Yet once he had given due lip service to the pro-Confederate Appalachians (in a mere two sentences), Wilson moved on to his real focus—nearly two pages extolling the Union loyalists of West Virginia, Kentucky, and East Tennessee. He made his case in quantitative terms: “The Federal forces actually recruited from the southern Appalachians were as considerable in number as were the armies of the American Revolution gathered from all the thirteen colonies,” he asserted, “and considerably exceeded the total of both mighty armies that fought at Gettysburg.” He boasted that his own congressional district “claims the distinction of having sent a larger percentage of its population into the Union army than did any other congressional district in the entire country.” He noted that these Appalachian loyalists “cleft the Confederacy with a mighty hostile element that not merely subtracted great armies from the enrollment of the Confederacy, but even necessitated the presence of other armies for the control of so large a disaffected territory.”25
Wilson stressed as well the risks taken by mountain Unionists and suggested that their contribution to Federal forces may have tipped the conflict’s ultimate resolution. “Their soldiers,” he maintained, “were not conscripted or attracted by bounty, but rather in most cases ran the gauntlet through hostile forces for one, two, or three hundred miles to reach a place where they could enlist under the flag of their country” (a half-truth at best, since it hardly applied to those very areas of Union strength that he had just documented so forcefully). Like both his predecessors and those who followed, he suggested that while it might have been an exaggeration to say that “the loyalty of the Appalachians decided the great contest, that loyalty certainly contributed substantially to the decision.”26
The two most notable female chroniclers of the highland South during this era made little reference to the war and were less explicit or categorical in their characterizations of Appalachia’s wartime loyalties. Both Emma Bell Miles in The Spirit of the Mountains (1905) and Margaret W. Morley in The Carolina Mountains (1913) wrote only fleetingly about the war, yet they made very different suggestions as to what it meant to their highland subjects.

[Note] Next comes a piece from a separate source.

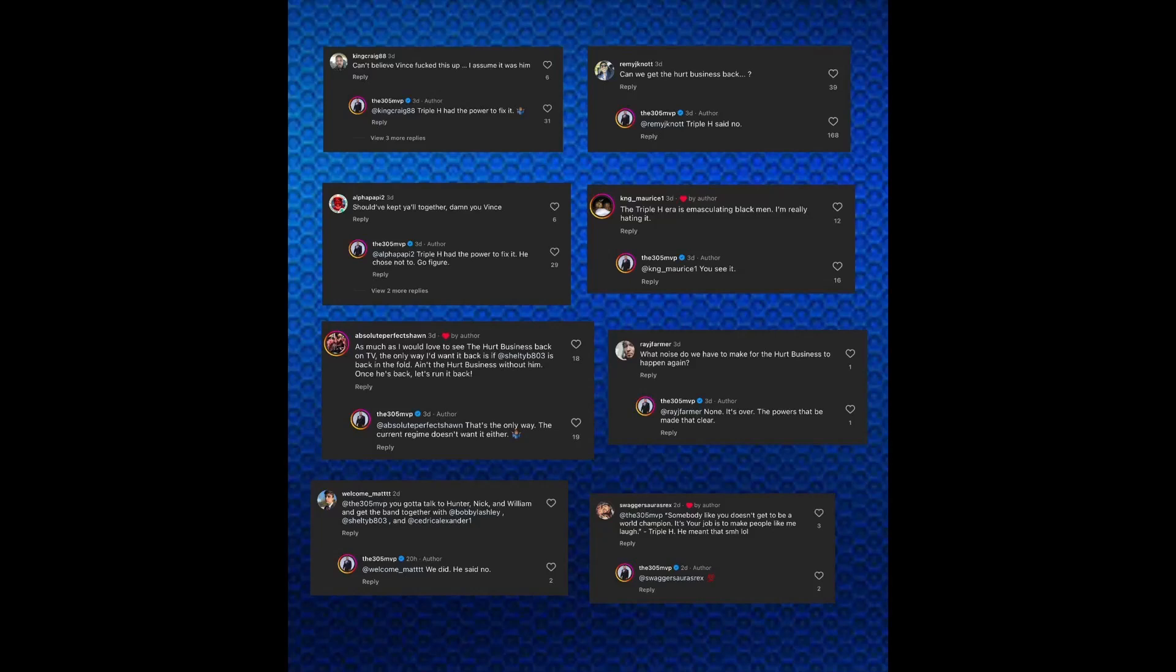What happened with MVP and Triple H regarding the Hurt Business 2.0 or just the Hurt Business coming back. I think that might have something to do with these rumors. When you look at MVP talking about his frustrations, you know, about whether the Hurt Business is going to come back in. They probably had disagreements, him and Triple H.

Born in Indiana and raised, until the age of ten, in north central Kentucky, Miles spent her adolescence and most of her adult life in and around Chattanooga. Her parents taught school on Walden’s Ridge (now known as Signal Mountain), which overlooked the city yet seemed quite remote from its influences, both economically and culturally. It was the residents of Walden’s Ridge that Miles took as her archetype Appalachians, drawing on their customs, beliefs, and simple lifestyle to generalize about the southern highlanders as a whole. The result was a study that is as much that of a folklorist as an ethnographer. Whereas she exhibited a genuine affection for her subjects and frequently identified herself with them, Miles was often patronizing in extolling the virtues of their isolation, their harmony with the natural world, and their long-held traditions. She downplayed the more degenerate attributes of feuding and moonshine so prevalent at the time, dismissing them with only the slightest of lip service. “Feuds are part of the price we pay for the simplicity and beauty of mountain life—for its hospitality, for its true and far-reaching family ties,” she wrote. She even suggested that they were a mere phase to be withstood: “I do not say the inevitable price, for the lawless fighter, along with illicit whiskey, is bound to disappear; but these ugly features are, under present conditions, the price of the tribal bond.”27
Miles displayed remarkably little sense of history in her descriptions of southern mountain life. It seems especially odd that someone who spent so much of her life in and around Chattanooga would have no more sense of the Civil War’s impact than Miles demonstrated in her book, given the tangible trappings so evident there—battlefields, monuments, and Confederate veterans’ reunions, all of which made the most of the crucial engagements that played out in and around the city in 1863. And yet Miles devoted a mere two sentences to her highland subjects’ role in the war.
She opened a chapter on “Neighbors” with the statement that there is no such thing as a community of mountaineers, one of the common misconceptions long perpetuated by outside observers of the region. “They are knit together, man to man, as friends,” she suggests, “but not as a body of men.” There was no core or axis between the family and the State in this remote rural setting that would fit the definition of a community. As a result, she concluded that “Our men are almost incapable of concerted action unless they are needed by the Government.” It was, of course, war and war alone that defined that need in the nineteenth century, and Miles suggested that it was an innate impulse that drew southern highlanders into military service. “It was the living spirit of ’76 that sent the mountaineer into the Civil War—they understood very little of what it was all about.” But unlike most other regional chroniclers, she did not assume that they remained loyal to the Union. “I even venture to say that had the Southerners fought under the Stars and Stripes,” she wrote, “most of our people would have been found on that side, following the flag they knew.”28 In short, she seemed to think that, like southern sheep, they blindly joined the Confederate cause, simply because their fellow southerners or the state of Tennessee did as much.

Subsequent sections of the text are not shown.